Mar 10, 2014 | by Franck Cushner, CFP®
As frigid temperatures descended across the northeast, southeast, and Midwest, demand for heat increased dramatically. The single most utilized commodity to heat homes and businesses throughout the country is natural gas. So as the demand for heating escalated, so did the demand for natural gas. The U.S. Department of Energy closely monitors and tracks the cost of natural gas, especially during times of increased demand. The price of natural gas, as measured by BTUs (British Thermal Unit), has doubled in the past year, from $3.26/BTU to a five-year high at over $6.55/BTU.

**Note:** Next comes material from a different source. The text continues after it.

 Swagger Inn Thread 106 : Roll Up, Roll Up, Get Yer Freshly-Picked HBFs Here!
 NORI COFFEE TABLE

Optimistically, the recent increase in demand spurned by cold weather has been quenched with primarily a domestic supply of natural gas. Over five years ago the U.S. was still reliant on natural gas imports to satisfy its demand, and now that demand is almost entirely being met by domestic production alone.

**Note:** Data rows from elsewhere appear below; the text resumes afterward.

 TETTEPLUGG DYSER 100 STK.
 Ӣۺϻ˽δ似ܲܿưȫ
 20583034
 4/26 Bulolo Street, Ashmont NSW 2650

Dramatic short-term increases in demand are known as spikes, which translate into price spikes should supply remain unchanged. Prices tend to return to their normal levels once the weather improves or additional supply is brought to market.
As additional domestic supply is brought on, new uses of natural gas are identified nationwide. Natural gas has even made its way to professional football fields, where heated tubes beneath the field keep the ground from freezing in the winter and allows grass to grow evenly throughout the year.